Czech demolition of pig farm on former WWII-era concentration camp for Roma delayed one year, future new memorial said to be unaffected
The demolition of the former industrial pig farm in Lety u Písku, Czech Republic that stands on the site of a Protectorate-era concentration camp for Romani people has been delayed by one year. The work will begin next September.
The deadline for completing the new Memorial to the Holocaust of the Roma and Sinti that is meant to be created at the site will not, however, be affected by the delay, The ceremonial opening of that new memorial will still be held in May 2023.
The director of the Museum of Romani Culture, Jana Horváthová, informed the Czech News Agency of the news. The museum is administering the building of the new memorial.
"The delay is happening especially with respect to the demolition of the pig farm buildings, which was meant to begin now, this September. The quarantine earlier this year delayed the completion of the architectural competition for the new memorial, so we have had to postpone the demolition in order to correctly secure the buildings that are part of the farm and that are meant to be components of the memorial," the museum head said.
The form of the future Memorial to the Holocaust of the Roma and Sinti was determined by competition. The jury assessed 41 entries and chose seven finalists.
The winning design was by Atelier terra florida and Atelier Světlík. A forest will be planted at the site and a new exhibition will open there, while part of the existing industrial pig farm will be preserved.
The construction work of the new memorial should cost CZK 31.5 million [EUR 1,185,330]. Of that, Norway Grants should pay CZK 25.5 million [EUR 959,553].
Another CZK 13.5 million [EUR 508 000] from abroad will be invested in equipment and exhibitions. "We are going ahead with the predefined project. It should be submitted for approval by the close of this year," the director clarified.

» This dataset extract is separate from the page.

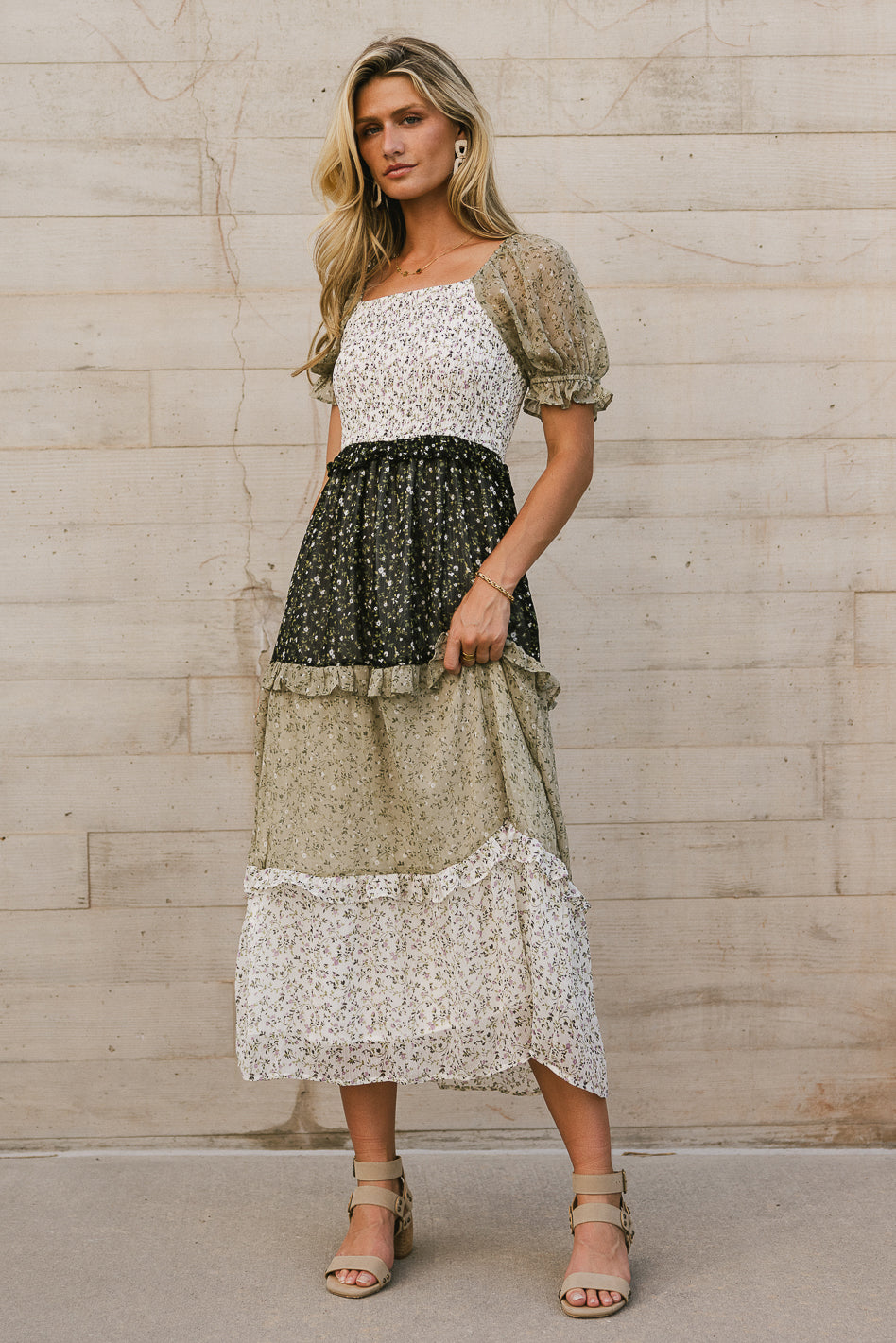 patchwork midi dress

The camp at Lety was first opened in the August of 1940 by Protectorate authorities as a disciplinary labor (penal) camp. The camp at Hodonín u Kunštátu in Moravia was opened at the same time for the same purpose.
Such disciplinary labor camps were designated for so-called "work-shy" persons who were unable to document that they were making a living in a lawful way. Above all, however, the facility was just for adult males who were in 100 % good health and capable of a 100 % work output.
The numbers of Romani men among those who were being punished in this way during this phase of the camp at Lety were between 10 and 20 % of the total population. In January of 1942, both camps were changed into internment camps, and in August both locations became Zigeunerlager, camps for persons designated as cikáni.
At that moment, the camps were no longer just meant for able-bodied men, but entire Romani families were concentrated in them, including children and women. From that point until May 1943, 1 308 Romani adults and children passed through the camp at Lety.
Of those people, 327 died at Lety, while more than 500 ended up in the Auschwitz death camp. After the war, fewer than 600 Romani concentration camp prisoners returned to their homes in Bohemia and Moravia.
According to estimates, the Nazis murdered 90 % of the Bohemian and Moravian Roma. During the communist regime, an industrial pig farm was then cultivated on the site of the former camp at Lety during the 1970s.
The relatives of the victims, Czech organizations, and international institutions spent decades demanding the farm be removed from this place of reverence. In 2018 the Czech state bought the facility from the AGPI company for CZK 372 million [EUR 14 million] (before VAT) and should give CZK 110 million [EUR 4 million] to the demolition effort.
The demolition should now begin next September. It should be completed by the close of 2021.
In the interim, the documentation will be prepared for the project, which will be expanded to include some of the buildings from the now-defunct farm and other details resulting from the competition for the design of the memorial. "The schedule for the project of building the memorial will not be altered by this, it remains the same," the museum director said.
The ceremonial opening of the new memorial should be undertaken in 2023 during the annual commemoration held at Lety in May. The museum is currently working on several projects related to commemorating the Holocaust of the Roma and Sinti.
In addition to the Lety Memorial, the museum is also administering the grounds of the Hodonín u Kunštátu Memorial and building its Center for the Roma and Sinti in the Dejvice neighborhood of Prague. Because of the quarantine earlier this year, the Museum of Romani Culture, which is based in Brno, has not been open to visitors.
The director said people have begun to slowly return to the facility. There is also a distance-access program available.
"We have learned more about how to share our events online. We have also bought the technology required. A large part of our events are being livestreamed, as are all the concerts we produce. We have good online attendance for those events. People are following us. This is an innovation that we have managed to bring to life thanks to the coronavirus. Something at least a bit positive has come from this," the director said.